Early ventilators were negative pressure systems known as iron lungs. The patient’s body was encased in an iron cylinder and negative pressure was generated, which enlarged the thoracic cavity. A modification of this system involves a suit or shell that is fitted over the patient’s chest with a hose connecting the device to a negative pressure generator. In either model, lung inflation is accomplished by reducing the pressure in the container to below atmospheric pressure. This causes the pressure surrounding the chest to drop below the pressure in the lungs, and the chest expands. The lungs then expand and the pressure inside them becomes less than atmospheric. Atmospheric gases are drawn into the lungs until lung pressure and atmospheric pressure reach equilibrium. Inspiration then ends. Once subatmospheric pressure surrounding the chest is released, the natural elastic recoil of the thoracic cage and lungs causes lung pressure
to exceed atmospheric pressure. Thus, gas leaves the lungs until pressures are again equal.

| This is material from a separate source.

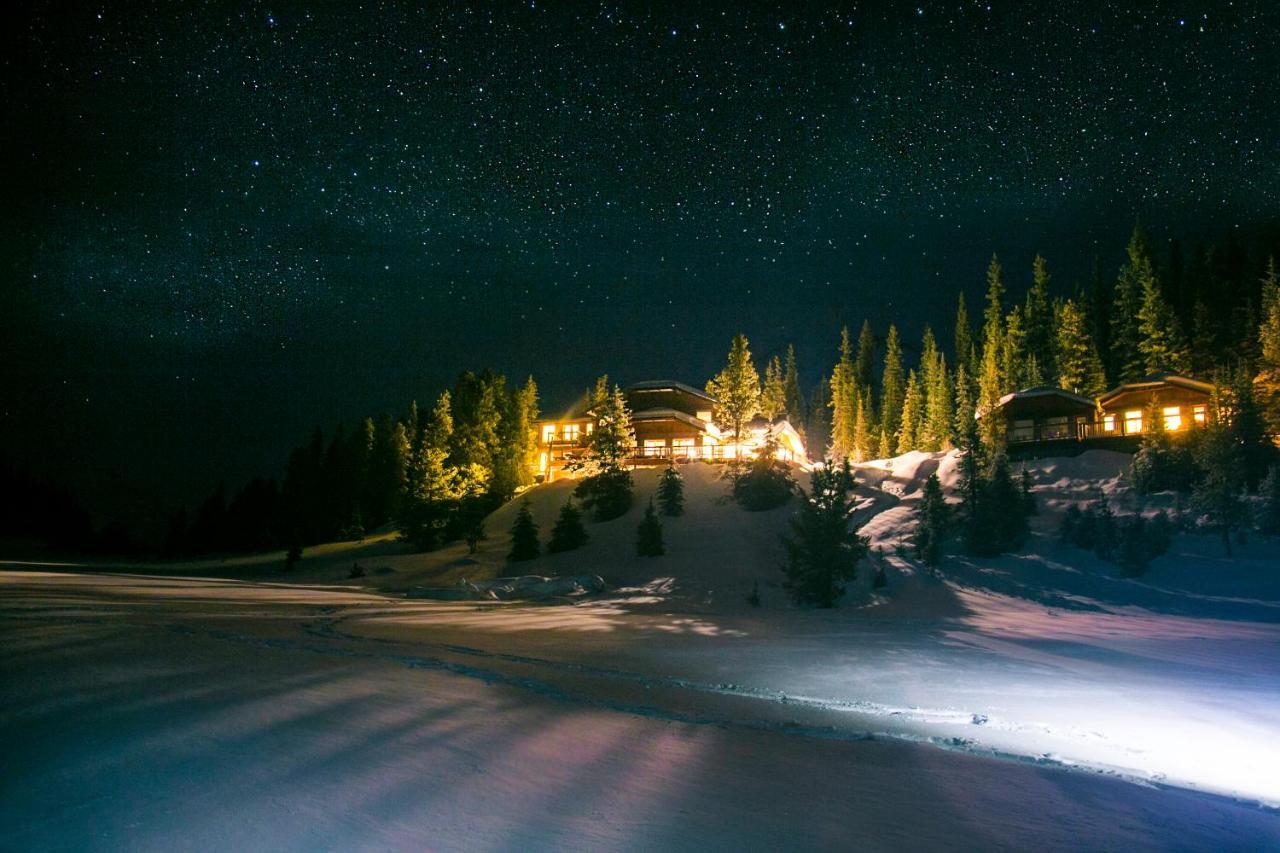 Mount Engadine Lodge Kananaskis Exteriör bild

Negative pressure ventilator systems are advantageous in that they mimic normal respiration. However, such systems are rarely used except in select out-of-hospital settings.

With controlled mandatory ventilation (CMV), the ventilator delivers a preset Vt at a preset number of times per minute. The patient cannot spontaneously ventilate or “trigger” breaths; thus, the machine controls ventilation. This mode is restricted to patients who are apneic as a result of brain injury, sedation, or muscle paralysis. If the patient is conscious or is not paralyzed, this mode can provoke high anxiety and discomfort. Properly functioning ventilator alarms are crucial to the safe use of CMV.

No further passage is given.